__WORK TASK__: Your output should be exactly the lines from the one containing "Maison à AMBLAINVILLE" through the final line of the following data, please, with no pictures.

__SOURCE DATA__:
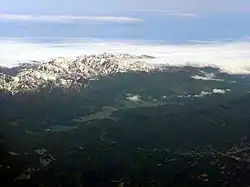 青木湖と白馬盆地、白馬連峰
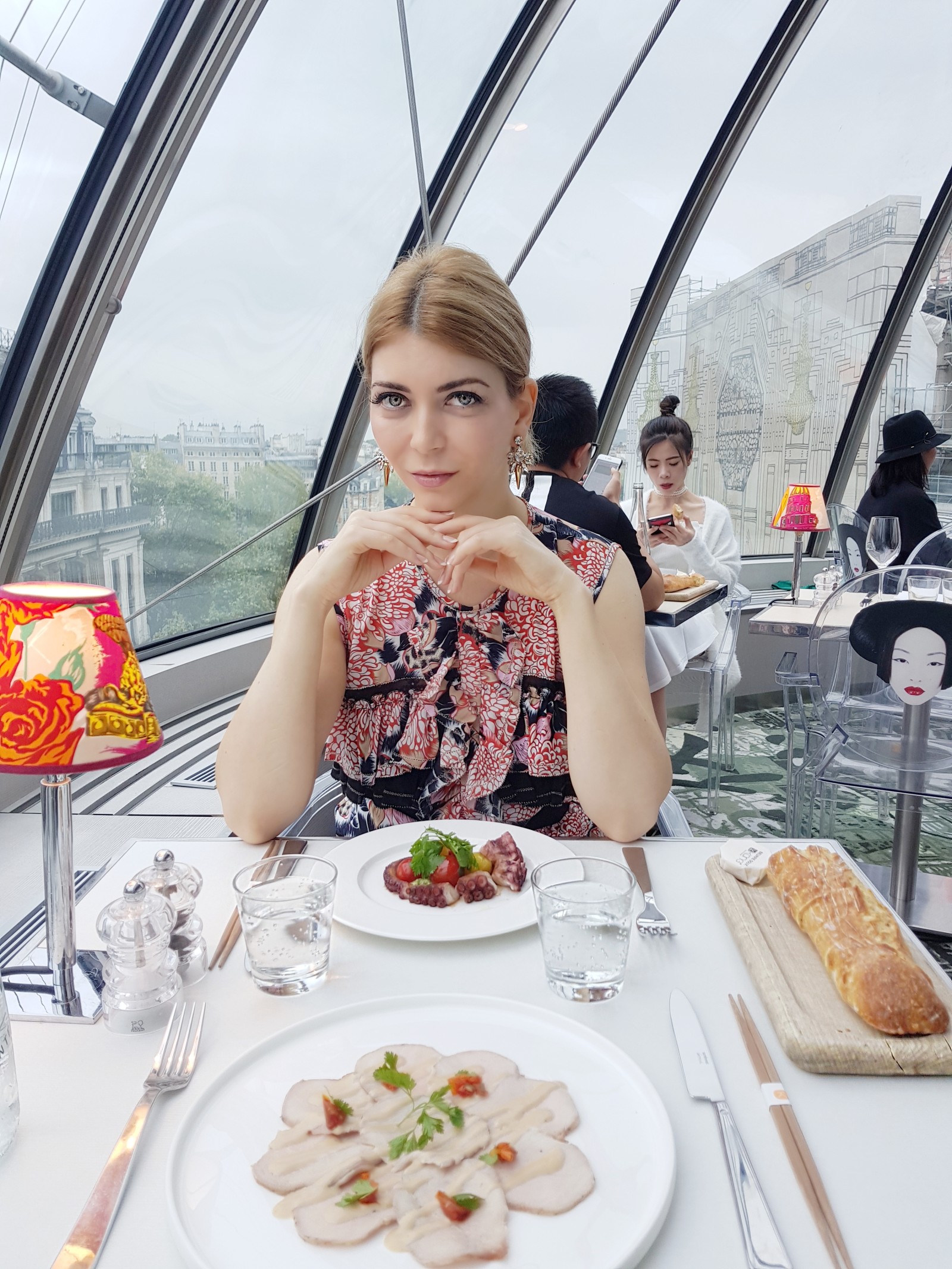 Yuliya Savytska in Kong Paris, Lunch in KONG à la Carrie Bradshaw - #jolimentblogxpfw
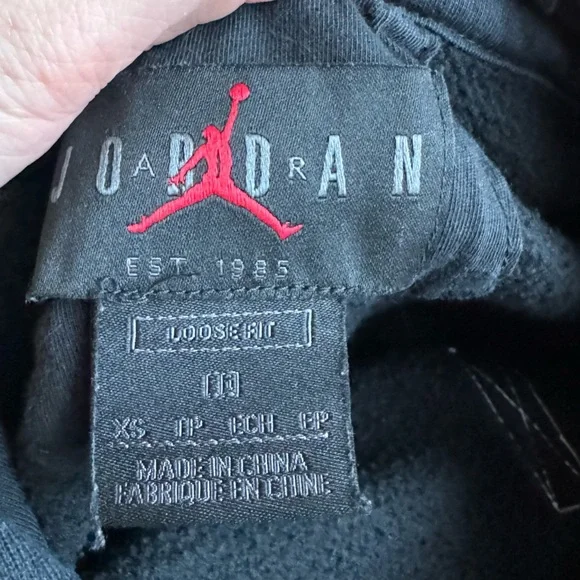 Jordan Loose Fit Cropped Hoodie in Black Size XS - Picture 2 of 6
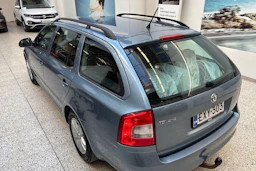 harmaa Skoda Octavia 2012 kuva 21.
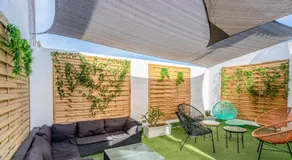 Casa Barcelo Camp Nou Barcelona - Image 2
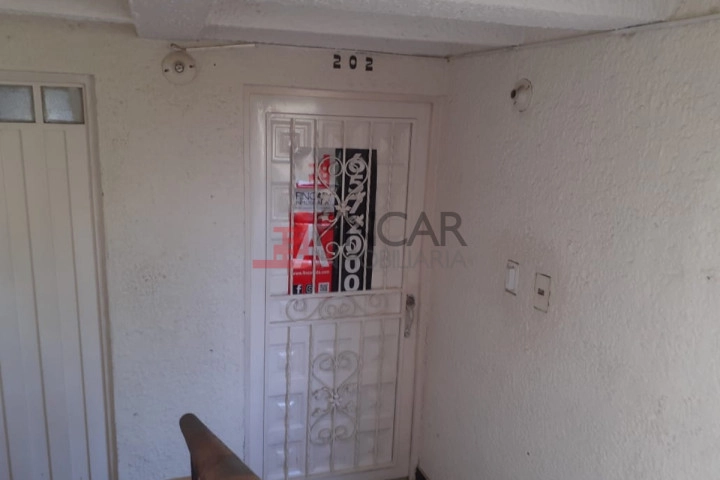 Calle 60 # 8w-92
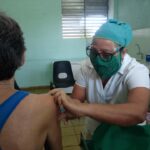 Artists support mass immunization process in Batabanó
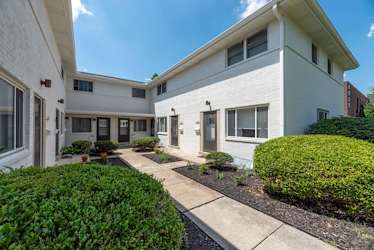 1477-1491 W Lane Ave unit 1481 - Upper Arlington, OH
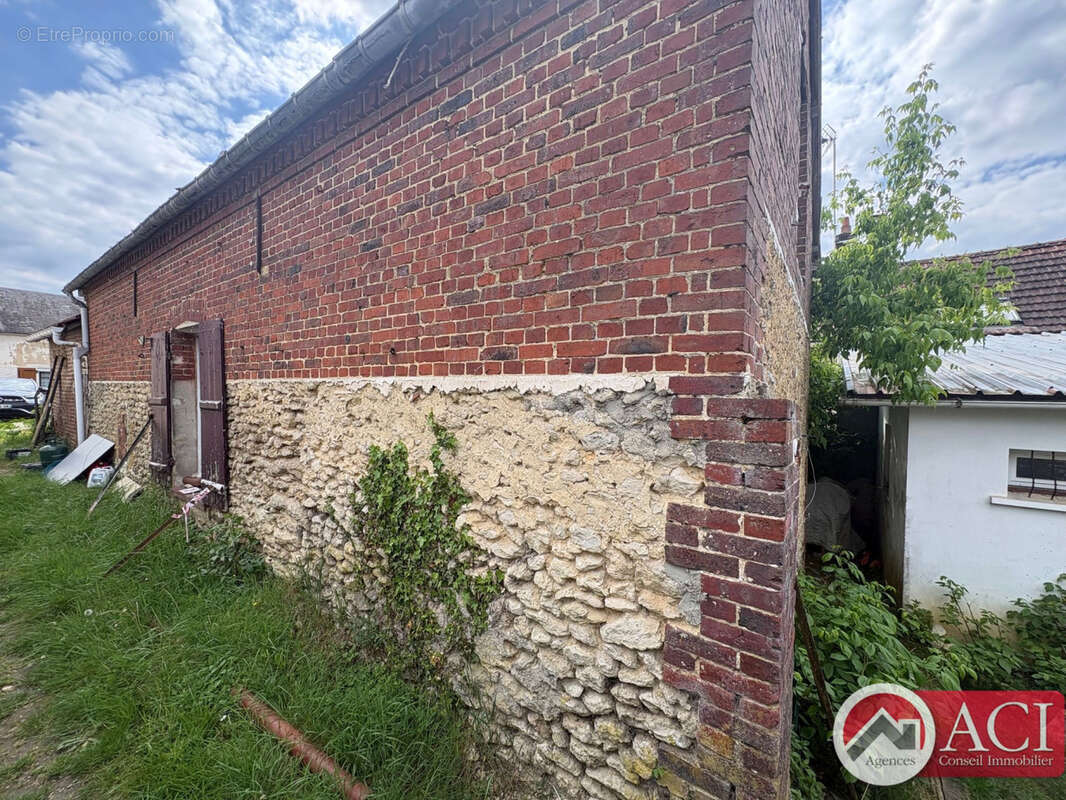 Maison à AMBLAINVILLE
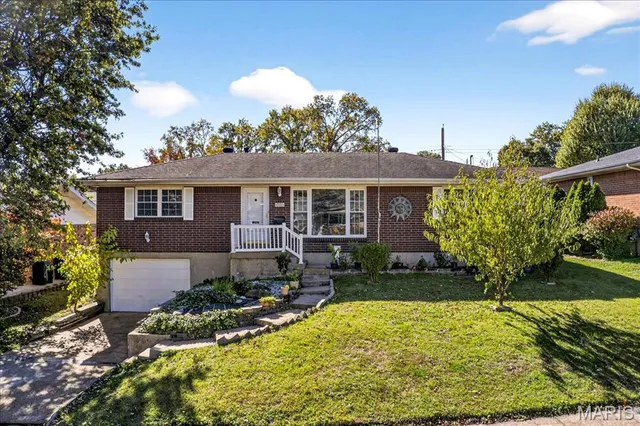 $265,000 | 4348 Schmittwoods Court, St. Louis, MO 63123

__ANSWER SPACE__:
 Maison à AMBLAINVILLE
 $265,000 | 4348 Schmittwoods Court, St. Louis, MO 63123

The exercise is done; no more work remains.